● **Task item**
Retype the listing that follows without a single change.
Listed records START
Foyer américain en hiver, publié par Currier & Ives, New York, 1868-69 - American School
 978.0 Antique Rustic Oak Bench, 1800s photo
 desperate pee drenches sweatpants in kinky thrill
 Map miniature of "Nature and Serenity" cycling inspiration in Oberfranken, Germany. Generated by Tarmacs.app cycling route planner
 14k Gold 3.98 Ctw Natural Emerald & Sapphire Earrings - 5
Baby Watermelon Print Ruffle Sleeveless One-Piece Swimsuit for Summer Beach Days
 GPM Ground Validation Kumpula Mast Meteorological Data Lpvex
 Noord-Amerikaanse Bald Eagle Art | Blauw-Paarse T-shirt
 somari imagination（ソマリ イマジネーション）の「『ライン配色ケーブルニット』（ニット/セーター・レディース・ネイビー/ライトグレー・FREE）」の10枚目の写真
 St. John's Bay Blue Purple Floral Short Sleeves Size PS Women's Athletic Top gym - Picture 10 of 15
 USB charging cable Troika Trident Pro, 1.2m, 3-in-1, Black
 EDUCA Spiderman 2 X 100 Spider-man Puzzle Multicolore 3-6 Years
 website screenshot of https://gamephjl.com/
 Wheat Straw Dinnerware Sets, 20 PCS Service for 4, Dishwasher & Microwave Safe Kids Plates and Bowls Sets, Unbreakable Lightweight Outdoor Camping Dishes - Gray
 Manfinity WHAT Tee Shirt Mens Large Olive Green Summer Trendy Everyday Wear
Listed records END
● **Exercise result**
Foyer américain en hiver, publié par Currier & Ives, New York, 1868-69 - American School
 978.0 Antique Rustic Oak Bench, 1800s photo
 desperate pee drenches sweatpants in kinky thrill
 Map miniature of "Nature and Serenity" cycling inspiration in Oberfranken, Germany. Generated by Tarmacs.app cycling route planner
 14k Gold 3.98 Ctw Natural Emerald & Sapphire Earrings - 5
Baby Watermelon Print Ruffle Sleeveless One-Piece Swimsuit for Summer Beach Days
 GPM Ground Validation Kumpula Mast Meteorological Data Lpvex
 Noord-Amerikaanse Bald Eagle Art | Blauw-Paarse T-shirt
 somari imagination（ソマリ イマジネーション）の「『ライン配色ケーブルニット』（ニット/セーター・レディース・ネイビー/ライトグレー・FREE）」の10枚目の写真
 St. John's Bay Blue Purple Floral Short Sleeves Size PS Women's Athletic Top gym - Picture 10 of 15
 USB charging cable Troika Trident Pro, 1.2m, 3-in-1, Black
 EDUCA Spiderman 2 X 100 Spider-man Puzzle Multicolore 3-6 Years
 website screenshot of https://gamephjl.com/
 Wheat Straw Dinnerware Sets, 20 PCS Service for 4, Dishwasher & Microwave Safe Kids Plates and Bowls Sets, Unbreakable Lightweight Outdoor Camping Dishes - Gray
 Manfinity WHAT Tee Shirt Mens Large Olive Green Summer Trendy Everyday Wear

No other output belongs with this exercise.